Few months later, on 11th August, 2015, Fenerbahce’s 29-year-old Turkish midfielder Mehmet Topal’s car was fired at by a gunman. Topal was returning home along with his team mate Uygar Mert Zeybek after a training session when the car was attacked. Fortunately, Topal’s car was bulletproof and the gunmen could only damage the passenger side of the widescreen without piercing the glass. The club was shocked by this “armed terrorist act” and called the series of events as “peak point of hostility” towards them.

The game between Trabzonspor and Fenerbahce on 24th April, 2016 was abandoned after a Trabzonspor fan assaulted the assistant referee Volkan Bayarslan.

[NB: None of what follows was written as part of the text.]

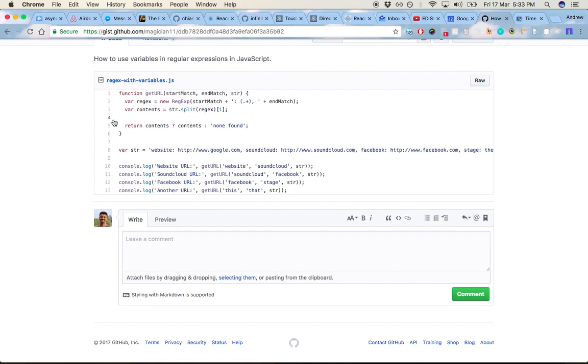Hey guys, just thought I'd run you through how to use regular expressions with variables in them in JavaScript.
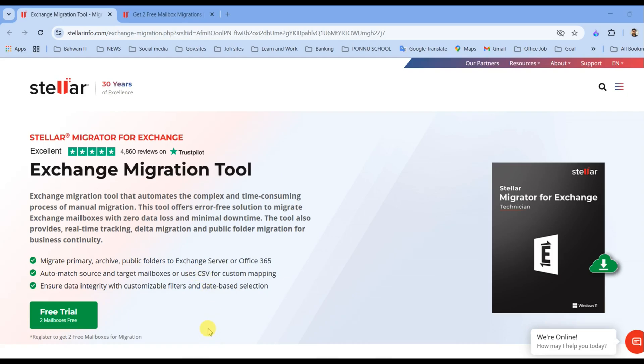Hello everyone, welcome back to my channel. Today I am going to walk you through a step-by-step guide on how to use Stellar Migrator for Exchange to move mailboxes from on-premise Exchange Server to Exchange Online and vice versa.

The home side were down 4-0 when a Trabzonspor fan jumped onto the field of play and pushed the assistant referee to the ground and punched him. The home fans were already throwing projectiles onto the field from the beginning, after the incident the game was immediately called off.

On 14th May, 2016, Eskisehirspor was playing at home against Istanbul Basaksehir for a win to avoid relegation. Stefano Napoleoni scored for the visiting side early in the second half but Tornike Okriashvili equalised for the host in the 66th minute. However, three minutes into stoppage time Sokol Cikalleshi scored for the away side to finish the match 1-2 which ensured relegation for Eskisehirspor. The fans went crazy and vandalised their ground and some people got seriously injured in the process. Even the stands at Eskisehir Atatürk Stadium were set on fire by some disappointed fans.

The golden time for Turkish national football was between 2002 and 2004. In the 2002 FIFA World Cup, they finished 3rd and repeated the same feat in the 2003 Confederations Cup. They reached their highest FIFA ranking, 5th, in 2004. In the 2008 UEFA European Football Championship, Turkey lost in the semi-final to the eventual runner-up Germany by a 90th minute goal by Philipp Lahm. Since then Turkish football has been going through a crisis. They missed qualifying for the 2012 Euro but made it to Euro 2016 as the best third-placed team after beating the already qualified Iceland 1–0 , in the process ousting another favourite The Netherlands. The tournament will be the first major tournament in eight years for the Turkish national team and it will be interesting to see how they perform in France at a time when their domestic football is in deep crisis. A good show by Arda Turan and his men may pump in some money and bring some long due regulatory measures in Turkish football.